Kein Wunder, dass die Militärs nach Alternativen suchen. Das Pentagon fühlt sich überfordert. „Nachdem Bush seinem Vorgänger Bill Clinton stets vorwarf, den Einsatz von US-Streitkräften im Ausland immer weiter auszudehnen, macht er exakt das Gleiche, nur in viel größeren Ausmaß“, sagt Michael O'Hanlon vom Brookings-Institut, einem liberalen Think-Tank. Die Kapazitätsgrenze sei erreicht. „Der einzige Weg, unsere Truppen zu unterstützen, ist, die Nato um Hilfe zu bitten und die Beziehungen zu Frankreich und Deutschland zu reparieren. Besatzung und Wiederaufbau des Irak müssen internationalisiert werden“, mahnt die Washington Post.
Diese Einsicht dämmert auch US-Politikern. Der Senat forderte Bush am Donnerstag formell auf, die Nato um Unterstützung zu ersuchen. Joseph Lieberman, demokratischer Senator und Befürworter des Irakkriegs, drängt auf die unverzügliche Bildung einer irakischen Übergangsregierung. Eine Internationale Monitoring-Agentur solle zudem sicherstellen, dass die Erlöse aus der Ölproduktion Bagdad tatsächlich zufließen.
Auch die ungeliebten Vereinten Nationen und die Franzosen werden plötzlich in Washington wieder salonfähig. Für kommende Woche hat Bush UNO-Generalsekretär Kofi Annan ins Weiße Haus geladen. Frankreich, so wird laut nachgedacht, könne doch die Wasserversorgung im Irak wieder reparieren, schließlich habe das Land die Infrastruktur maßgeblich aufgebaut. Und auch nach Geld, Soldaten und Expertise aus Deutschland wird geschielt.

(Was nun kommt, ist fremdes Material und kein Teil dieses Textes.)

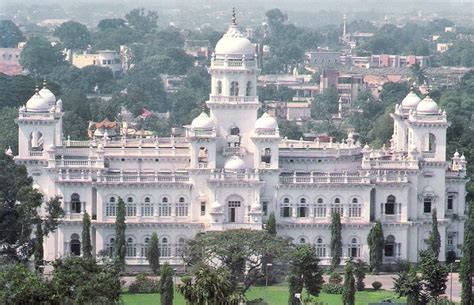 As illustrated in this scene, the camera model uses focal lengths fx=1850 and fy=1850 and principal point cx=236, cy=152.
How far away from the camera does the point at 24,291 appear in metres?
46.2

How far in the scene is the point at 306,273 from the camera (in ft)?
188

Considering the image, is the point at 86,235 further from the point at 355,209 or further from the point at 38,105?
the point at 355,209

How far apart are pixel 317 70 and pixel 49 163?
85.2m

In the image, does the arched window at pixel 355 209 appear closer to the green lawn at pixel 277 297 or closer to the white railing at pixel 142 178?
the green lawn at pixel 277 297

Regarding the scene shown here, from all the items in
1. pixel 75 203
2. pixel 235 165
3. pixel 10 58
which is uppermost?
pixel 10 58

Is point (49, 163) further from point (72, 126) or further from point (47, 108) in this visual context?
point (72, 126)


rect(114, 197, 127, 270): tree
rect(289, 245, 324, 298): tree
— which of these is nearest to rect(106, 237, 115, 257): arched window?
rect(114, 197, 127, 270): tree

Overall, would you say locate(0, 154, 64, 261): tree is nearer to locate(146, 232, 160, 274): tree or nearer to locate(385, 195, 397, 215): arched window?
locate(146, 232, 160, 274): tree

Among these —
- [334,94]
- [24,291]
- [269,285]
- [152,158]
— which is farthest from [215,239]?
[334,94]

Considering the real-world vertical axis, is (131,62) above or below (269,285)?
above

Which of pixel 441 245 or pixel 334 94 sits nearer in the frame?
pixel 441 245

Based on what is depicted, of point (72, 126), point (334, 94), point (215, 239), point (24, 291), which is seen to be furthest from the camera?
point (334, 94)

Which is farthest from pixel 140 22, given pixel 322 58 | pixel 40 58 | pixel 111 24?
pixel 40 58

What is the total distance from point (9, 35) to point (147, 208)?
98.1m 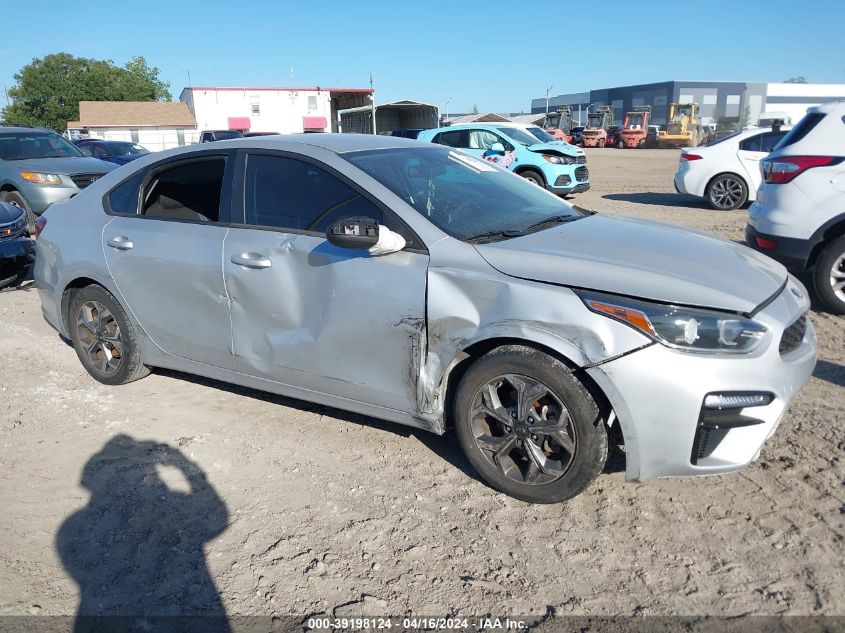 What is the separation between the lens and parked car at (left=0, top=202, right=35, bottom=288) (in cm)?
714

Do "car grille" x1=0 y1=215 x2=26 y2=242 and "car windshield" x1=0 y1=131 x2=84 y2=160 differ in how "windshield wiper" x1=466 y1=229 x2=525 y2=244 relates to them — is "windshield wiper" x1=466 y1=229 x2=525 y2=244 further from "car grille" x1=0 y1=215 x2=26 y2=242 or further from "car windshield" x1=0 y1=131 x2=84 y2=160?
"car windshield" x1=0 y1=131 x2=84 y2=160

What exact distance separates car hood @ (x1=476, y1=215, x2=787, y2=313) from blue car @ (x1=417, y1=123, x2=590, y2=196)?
32.9 ft

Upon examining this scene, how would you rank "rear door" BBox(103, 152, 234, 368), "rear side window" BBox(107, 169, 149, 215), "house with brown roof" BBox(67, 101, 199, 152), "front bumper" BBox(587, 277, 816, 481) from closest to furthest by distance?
"front bumper" BBox(587, 277, 816, 481)
"rear door" BBox(103, 152, 234, 368)
"rear side window" BBox(107, 169, 149, 215)
"house with brown roof" BBox(67, 101, 199, 152)

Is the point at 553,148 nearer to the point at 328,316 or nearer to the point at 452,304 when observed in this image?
the point at 328,316

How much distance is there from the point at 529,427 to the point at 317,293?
129cm

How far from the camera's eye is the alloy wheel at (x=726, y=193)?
1188 centimetres

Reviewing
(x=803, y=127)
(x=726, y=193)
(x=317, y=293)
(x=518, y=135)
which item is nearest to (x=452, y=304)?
(x=317, y=293)

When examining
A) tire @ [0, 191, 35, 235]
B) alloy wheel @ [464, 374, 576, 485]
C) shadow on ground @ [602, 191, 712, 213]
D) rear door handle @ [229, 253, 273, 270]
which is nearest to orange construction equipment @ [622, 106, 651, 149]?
shadow on ground @ [602, 191, 712, 213]

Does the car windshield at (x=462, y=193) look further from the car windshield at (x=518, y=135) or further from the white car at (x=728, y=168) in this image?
the car windshield at (x=518, y=135)

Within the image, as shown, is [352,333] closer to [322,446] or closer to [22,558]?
[322,446]

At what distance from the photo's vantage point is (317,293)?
350cm

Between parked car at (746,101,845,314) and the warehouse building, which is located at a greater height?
the warehouse building

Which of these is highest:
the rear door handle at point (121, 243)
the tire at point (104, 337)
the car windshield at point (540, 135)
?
the car windshield at point (540, 135)

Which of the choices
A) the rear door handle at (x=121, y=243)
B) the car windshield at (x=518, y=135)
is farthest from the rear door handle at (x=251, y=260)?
the car windshield at (x=518, y=135) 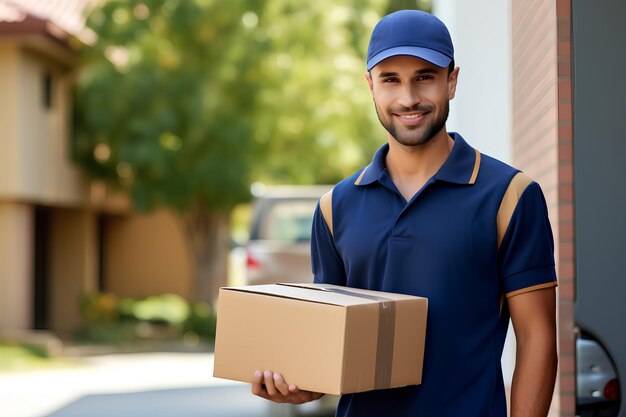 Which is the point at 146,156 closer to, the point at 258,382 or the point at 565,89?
the point at 565,89

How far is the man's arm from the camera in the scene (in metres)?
2.81

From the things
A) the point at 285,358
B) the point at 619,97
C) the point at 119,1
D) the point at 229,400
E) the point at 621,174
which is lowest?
the point at 229,400

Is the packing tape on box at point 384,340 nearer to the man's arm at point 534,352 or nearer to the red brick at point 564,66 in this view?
Result: the man's arm at point 534,352

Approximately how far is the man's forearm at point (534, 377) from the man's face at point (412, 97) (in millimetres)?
592

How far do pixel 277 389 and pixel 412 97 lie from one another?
804mm

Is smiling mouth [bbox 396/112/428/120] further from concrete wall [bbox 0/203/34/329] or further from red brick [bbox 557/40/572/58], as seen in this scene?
concrete wall [bbox 0/203/34/329]

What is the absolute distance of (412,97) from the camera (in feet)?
9.42

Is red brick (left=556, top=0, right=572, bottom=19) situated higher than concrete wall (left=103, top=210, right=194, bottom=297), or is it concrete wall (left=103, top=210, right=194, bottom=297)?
red brick (left=556, top=0, right=572, bottom=19)

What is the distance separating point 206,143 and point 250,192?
125cm

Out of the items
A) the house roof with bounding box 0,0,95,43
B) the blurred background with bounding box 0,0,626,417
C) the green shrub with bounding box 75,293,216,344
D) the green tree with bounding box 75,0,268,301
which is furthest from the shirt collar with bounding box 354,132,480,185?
the green shrub with bounding box 75,293,216,344

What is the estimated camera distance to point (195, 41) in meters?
21.9

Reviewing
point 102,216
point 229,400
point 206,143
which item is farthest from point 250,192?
point 229,400

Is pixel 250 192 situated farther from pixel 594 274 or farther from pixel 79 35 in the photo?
pixel 594 274

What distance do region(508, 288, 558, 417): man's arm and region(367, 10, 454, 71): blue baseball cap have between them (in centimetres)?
63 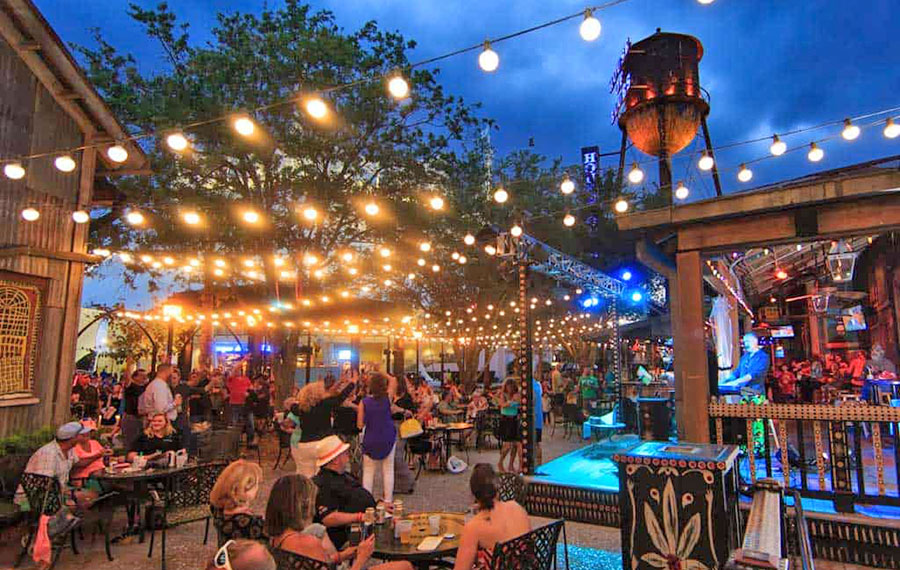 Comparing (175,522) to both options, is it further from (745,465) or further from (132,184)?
(132,184)

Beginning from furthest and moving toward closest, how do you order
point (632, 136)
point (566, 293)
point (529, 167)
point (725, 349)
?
point (566, 293) < point (529, 167) < point (632, 136) < point (725, 349)

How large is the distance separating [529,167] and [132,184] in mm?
14664

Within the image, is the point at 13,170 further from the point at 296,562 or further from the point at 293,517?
the point at 296,562

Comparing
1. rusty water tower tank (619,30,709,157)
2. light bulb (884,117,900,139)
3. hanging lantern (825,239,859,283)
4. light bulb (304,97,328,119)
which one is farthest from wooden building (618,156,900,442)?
rusty water tower tank (619,30,709,157)

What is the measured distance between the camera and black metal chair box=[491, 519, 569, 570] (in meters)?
3.10

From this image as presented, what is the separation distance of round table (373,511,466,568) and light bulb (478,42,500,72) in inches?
153

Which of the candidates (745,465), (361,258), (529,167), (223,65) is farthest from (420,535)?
(529,167)

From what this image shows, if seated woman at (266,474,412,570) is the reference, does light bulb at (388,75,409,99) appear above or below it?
above

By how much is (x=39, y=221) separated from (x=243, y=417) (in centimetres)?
600

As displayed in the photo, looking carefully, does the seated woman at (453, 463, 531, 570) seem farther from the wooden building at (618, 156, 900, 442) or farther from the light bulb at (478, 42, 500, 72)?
the wooden building at (618, 156, 900, 442)

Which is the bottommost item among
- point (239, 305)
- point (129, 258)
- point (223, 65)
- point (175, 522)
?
point (175, 522)

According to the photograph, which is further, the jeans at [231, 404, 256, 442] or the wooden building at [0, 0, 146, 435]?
the jeans at [231, 404, 256, 442]

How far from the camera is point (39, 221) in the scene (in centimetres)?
829

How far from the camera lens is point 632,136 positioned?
59.0 feet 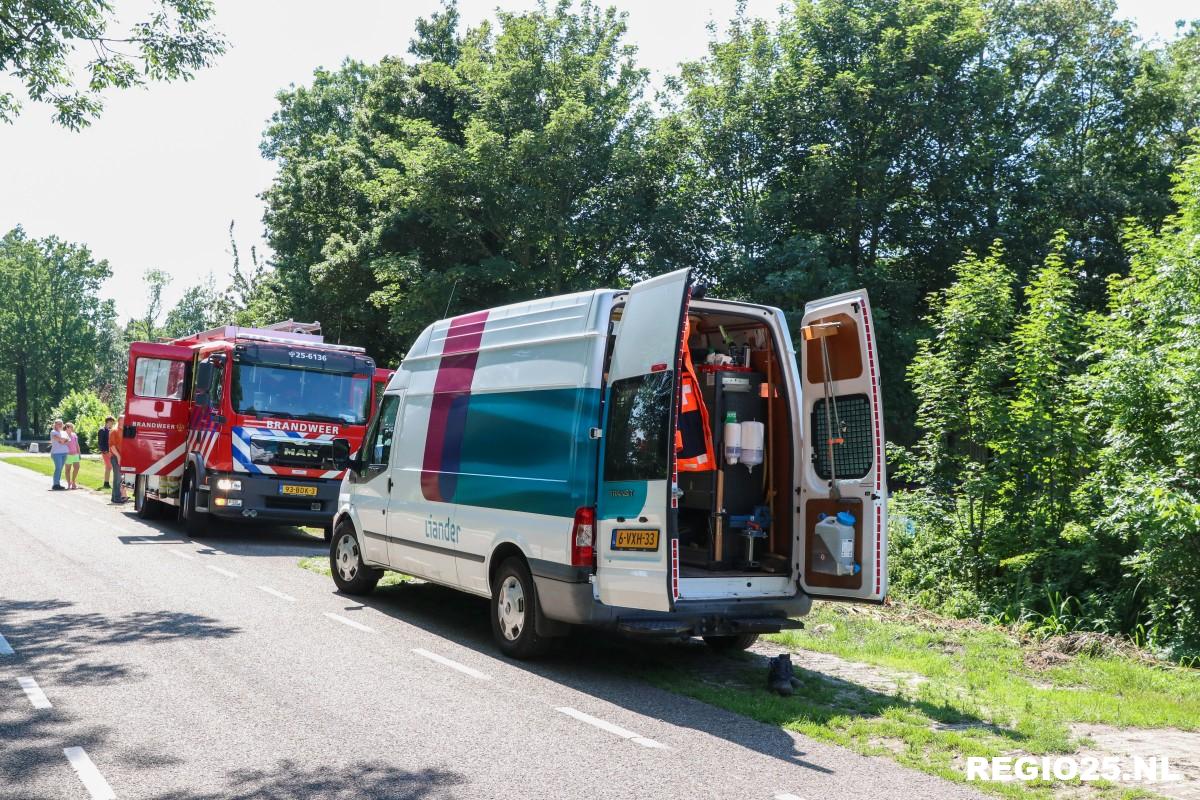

Wenn sich das Weiße Haus Pat Roberts Einschätzung zu Eigen macht, wonach „die nächsten hundert Tage über den Erfolg im Irak entscheiden“, der Guerillakrieg weiter eskaliert, US-Soldaten weiterhin sterben und Bush sich immer neuen Vorwürfen ausgesetzt sieht, in der Frage der Kriegslegitimation gelogen zu haben, darf man gespannt sein, zu welchen Befreiungsschlägen die US-Regierung ausholen wird.